Le lendemain, vendredi, je n'eus pas plus de nouvelles. Yann m'envoya un message pour me demander où j'en étais, si j'avais revu son frère. Il terminait en espérant que j'allais bien et qu'il pourrait me revoir bientôt. Je n'eus pas le cœur à lui répondre, pas tout de suite. Tant de choses s'étaient passées depuis notre déjeuner... Maël m'avait rassurée sur sa sincérité envers moi, nous nous étions rapprochés comme jamais, puis tout avait volé en éclat. Je supposais que nous étions toujours ensemble, sinon il me l'aurait fait comprendre, à sa manière franche et directe. Mais il avait sans doute besoin de prendre du recul pour digérer ma petite trahison et le poids du passé ressurgi. Tout ça, je ne pouvais pas l'avouer à Yann.

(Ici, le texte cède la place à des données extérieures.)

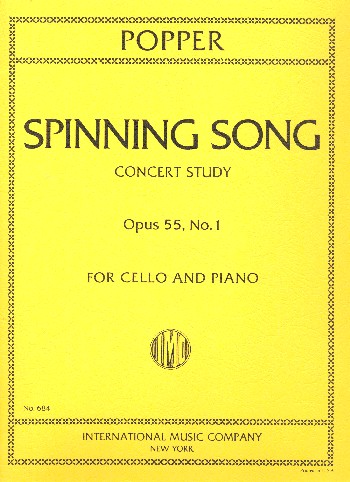 Spinning Song op.55,1 Concert study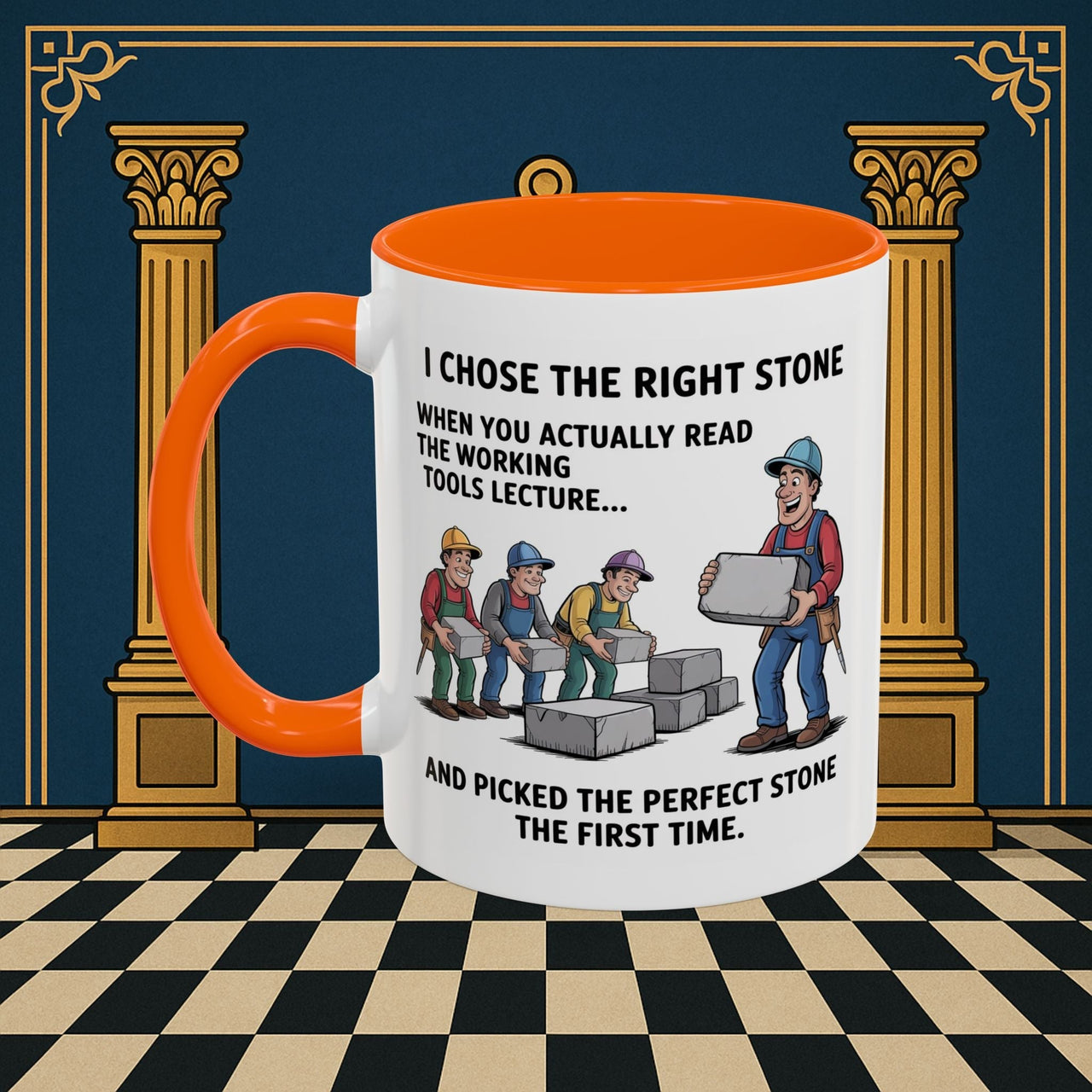 Premium Ready to Go Freemason Design | Stone Selection Strategy | Mark Masonry - Masonic Mugs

Mais la journée fut longue et difficile. Le manque de lui me torturait. J'avais besoin de caresser sa peau, de sentir ses lèvres sur les miennes, sa langue dans ma bouche. J'avais besoin de son corps sur le mien, de ses bras musclés qui se refermait sur moi. J'avais besoin de sentir son odeur, même mêlée de clope, peu m'importait du moment que je pouvais le respirer, sentir son souffle haletant sur ma joue, ses mains impérieuses contre mon bassin, sur mes fesses, mes seins.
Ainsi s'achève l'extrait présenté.